Tel est mon mystère existentiel du matin.
Le sommeil, ce traître capricieux, a pris l’habitude de s’installer pile au moment où je dois me lever. Depuis deux gros traumatismes — 2013, puis 2014, la belle époque — dormir profondément plus de deux heures d’affilée est devenu un luxe rare, presque exotique. Alors, hier soir, j’ai avalé une gélule de CBD, histoire de négocier avec le temps. Et pour une fois, il a accepté la discussion.
Avec une stupeur presque naïve, j’ai réalisé que dormir fait du bien. Dormir, c’est une parenthèse où l’océan tumultueux de mes pensées se transforme en un grand lac parfaitement lisse, où tout mon bric-à-brac émotionnel se range dans les bonnes cases, avec une discipline quasi militaire — je ne sais pas qui commande, mais il est efficace.

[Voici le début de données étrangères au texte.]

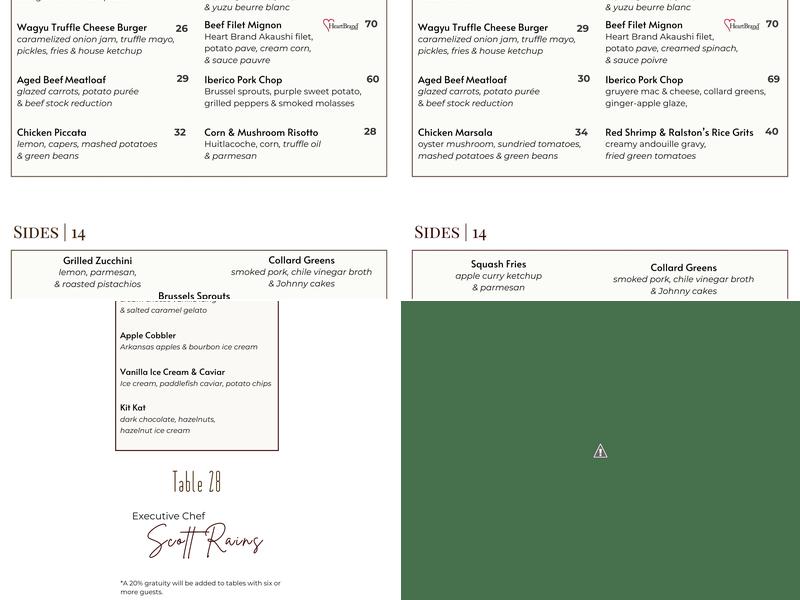 Table 28, Little Rock - Menu, Reviews (473), Photos (126) - Restaurantji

Parfois je ris de mes rêves : de vrais messages codés, dissimulés dans un dédale d’aventures rocambolesques, un peu comme ma vie… Mais cette nuit, pas de cryptogramme, pas de traducteur nécessaire : la vérité de mes propres mensonges m’a été servie sur un plateau d’argent. Avec couverts en argent aussi.
Ça pique un peu les yeux, de se voir soi-même sans filtre.

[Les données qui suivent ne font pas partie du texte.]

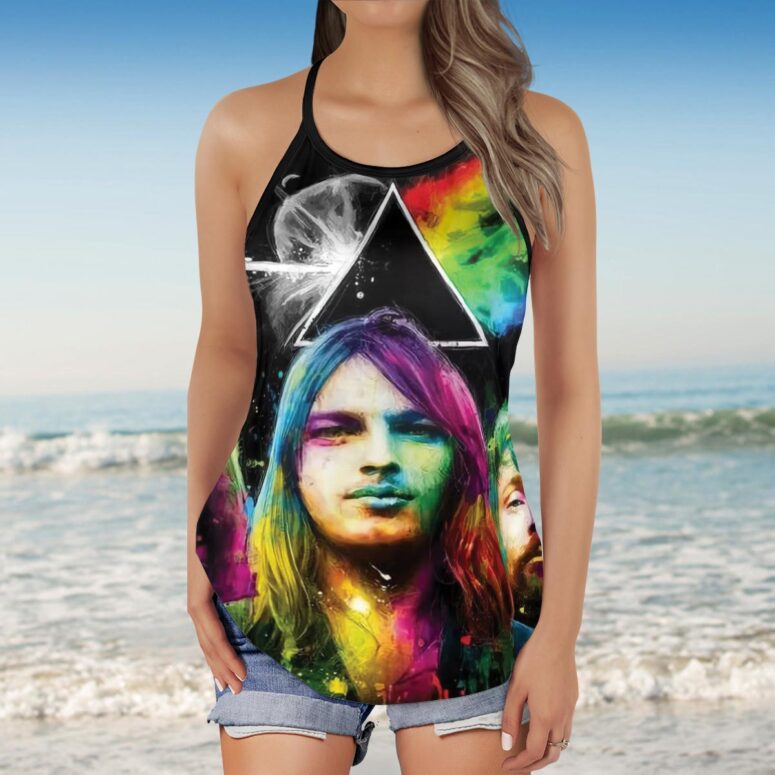 Dark Side Of The Moon Pink Floyd Band Criss Cross Tank Top Dark Side Of The Moon Pink Floyd Band Criss Cross Tank Top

À force de vouloir me camoufler derrière une légèreté feinte, à la limite de la sottise (oui, j’avoue, c’est tellement plus confortable…), j’ai fini par me tirer une balle dans le pied. Sans sommation.
Rares sont les personnes qui ont eu l’intelligence — ou le courage — d’ôter mon masque. Plus rares encore sont celles qui savent quoi faire de la fragilité qu’elles y trouvent.
Et cette nuit, c’est la personne qui compte le plus pour moi aujourd’hui qui s’est chargée du travail : me tuer symboliquement, m’humilier un bon coup, histoire que je comprenne enfin.
Et j’ai compris.
Au réveil :
Pleurer ? Normal.
Avoir mal ? Normal aussi.
Lui en vouloir de m’avoir plongée le nez dans mon propre caca émotionnel ? J’ai hésité.
Et maintenant je décante.
D’ici la fin de la journée, je serai probablement ivre de moi-même.
Peut-être même — qui sait ? — améliorée. Comme un bon vin laissé respirer.